Well...ya...of course. It's the "intermittent" nature that kinda gets me.
I would think that the normal stuff (MAF, TPS, etc) would set a code if anything was going bad in those areas. But if all of us GA16DE owners know anything, it's that the crank sensor won't always set a code and will cause all sorts of crap! Then again, same thing with the MAF. But the CPS is cheaper than a MAF.
And I'm just talking to hear myself talk at the moment trying to figure what I'd change out first if it was me... Heck my '98 200SX is still up on blocks waiting for warmer weather so I can put the head back on without freezing my nuts off.


----------



## AP100684 (Apr 1, 2009)

hey guys, really appreciate the thoughts. i was looking for clues today and noticed oil in the bottom of 2 spark plug chambers, covering the plug threading. Could this be causing my problem? Not sure the effect oil has on plugs. The valve cover looks to be shot- with at least one gasket thing cracked and protruding a little. Consensus is to find a b13 replacement?

Follow up q: could over-tightening the valve cover mess up these tube seals? not sure if i did something wrong putting the vc back after i changed the tensioner.


----------



## lukesSX (Feb 17, 2010)

It could be a problem if the plugs are really oil soaked. If not, then it would probably just shorten the plugs life. I would just get a new gasket, torque it down correctly, and that will most likely fix the oil problem.


----------



## smj999smj (Jan 1, 2006)

Yes, the oil in the spark plug wells could be the cause of your problem, creating a short. The spark plug tube seals are individual seals and overtightening the valve cover should not have caused the tube seals to leak. IIRC, the valve cover bolts are shouldered so overcompressing the vc gasket is impossible. Regardless, you need to get a new valve cover gasket and spark plug tube seals and replace them and get all of the oil out of the spark plug well. Brake cleaner, a rag and compressed air usually works best. Also need to clean the end of the spark plug wires and make sure the boots of the wires haven't bloated due to the oil contamination. If they have, you'll need to replace the wires.


----------



## AP100684 (Apr 1, 2009)

thanks guys! have replaced the valve cover, gasket, and tube seals. oil leaks no longer an issue, but i do still need to clean out the residual stuff inside. will do that today.

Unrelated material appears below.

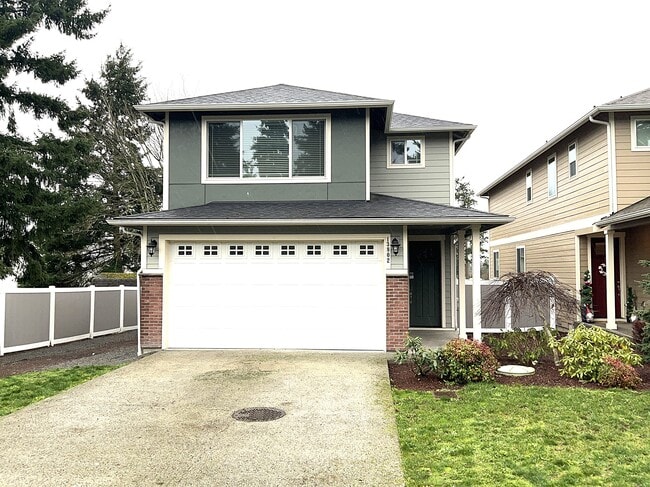 Building Photo - 13802 107th Ave Ct E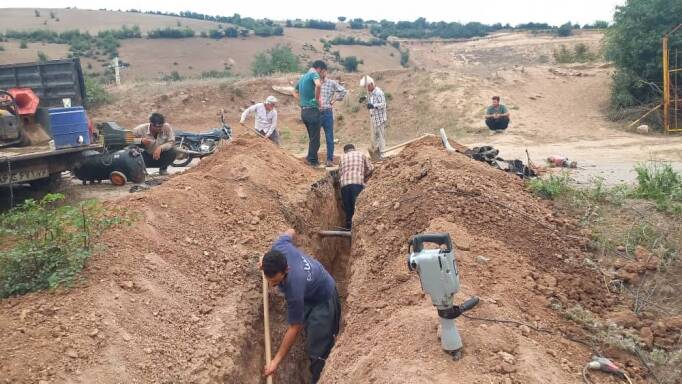 حفاری دستی مسیر لوله گاز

ALSO, i replaced the distributor with a questionable 25$ junkyard find. No longer have the very obvious (and abrupt) hesitation problems. Instead, now I have noticeably sluggish acceleration when starting from a stop. What would you guys check first? Fuel delivery? TPS, MAP, MAF? I have no engine codes..


----------



## skeeter123 (Apr 30, 2010)

Sounds like the distributor timing. Did you put it into "timing mode" to set the timing and idle speed? I think the 96' were to be set to 15 deg.
Hope this helps.


----------



## AP100684 (Apr 1, 2009)

skeeter123, hopefully that's all it is. I played with an old timing light today just to see how it works. i found the timing indicator but couldn't see the degree markings clearly enough to feel comfortable adjusting it. maybe the bulb was too old or dim but i'm going to have a shop do it so i know it's done right.. hopefully they know about timing mode... will update.


----------



## skeeter123 (Apr 30, 2010)

Timing mode involves taking the TPS sensor connector off, and revving the engine in a particular way; you can look it up in the FSM.... Couple of things I found useful:

Use some white fingernail polish to mark the proper spot on the flywheel's timing mark.
Once you've set the distributor timing, scratch a deep mark across the metal from the engine to the distributor so you'll have a reference in case you have to move it again sometime. Also, using my scratch-mark as a reference, I've advanced mine a little to get some extra oomph out of it; you can get away with advancing the timing a bit more than spec if you use higher-octane gas; test it out by flooring it and making sure there's no knocking.


----------



## AP100684 (Apr 1, 2009)

Going to have a mechanic friend help me adjust timing tomorrow morning. Is going into 'timing mode' common knowledge among mechanics or should I let him know? Also, ignition timing spec under my hood says 8 degrees +/- 2, is there an advantage to having it set at 15 degrees instead? 
THANK YOU skeeter123, smj999smj, lukessx, jdgrotte and stealthysentra


----------



## lukesSX (Feb 17, 2010)

It should be common knowledge, but the procedure for doing it varies on different model cars. He will probably have access to some kind of manual which will tell him how to do it if he doesn't already know. Advancing or retarding the timing can give you more top end or bottom end. You have to remember though that you'll gain more in one area, but you'll also lose more in the other depending on what you do. I've never set one at 15 degrees so I'm not sure what it will do, but I'm sure someone else will know.


----------



## skeeter123 (Apr 30, 2010)

When I say a little bit, I mean 2-3 degrees. 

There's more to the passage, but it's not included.